Hi I've been working on a project using an Arduino Uno (so ATmega328p) where timing is quite important and so I wanted to see into which instructions the compiler was converting my code. And in there I have a uint8_t
which I shift one bit to the right on each iteration using data >>= 1
and it seems the compiler translated this into 5 instructions (data
is in r24
):
mov r18, r24
ldi r19, 0x00
asr r19
ror r18
mov r24, r18
But if I look into the instruction set documentation I see an instruction which does exactly this: lsr r24
Do I overlook something or why isn't the compiler using this as well? The registers r18
and r19
are not used anywhere else.
I'm using an Ardunio but if I'm correct it does just use the normal avr-gcc
compiler.

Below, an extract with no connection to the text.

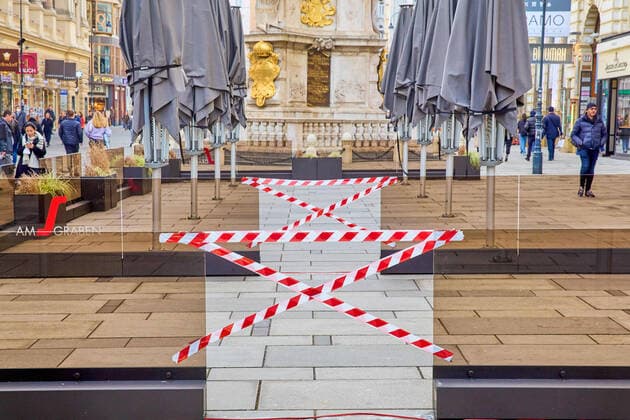 - Wien 23.02.2021 - Coronavirus Krise - Am 15. März könnten laut heutigen Meldungen auch Gastronomie und Kulturstätten wieder aufsperren. Teil des Konzepts könnte das Freitesten sein bei dem ein Corona-Schnelltest nicht älter als 48 Stunden den Eintritt in Restaurants, Gaststätten, Hotels, Lokale und alle Kulturbetriebe wie Theater, Kinos, Opern- und Konzerthäuser etc ermöglichen soll. PHOTO: Noch sind alle Lokale und Terrassen für Kunden geschlossen. Mit einem negativen Corona Antigentest könnte ein Besuch wieder möglich werden. Vienna, Austria - Coronavirus Crisis - According to today s reports, restaurants and cultural sites could open again on March 15. Part of the concept could be the so called freest of all, in which a corona
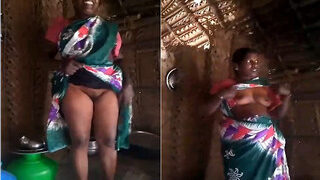 Desi Tamil Wife Shows Her Boobs And Pussy | Viral MMS Desi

This is the code (trimmed) which generates the sequence:
ISR(PCINT0_vect) {
uint8_t data = 0;
for (uint8_t i = 8; i > 0; --i) {
// asm volatile ("lsr %0": "+w" (data));
data >>= 1;
if (PINB & (1 << PB0))
data |= 0x80;
}
host_data = data;
}
As far as I can see the Ardunino IDE is using the AVR gcc compiler provided by the system which is version 6.2.0-1.fc24. Both are installed via the package manger so should be up to date.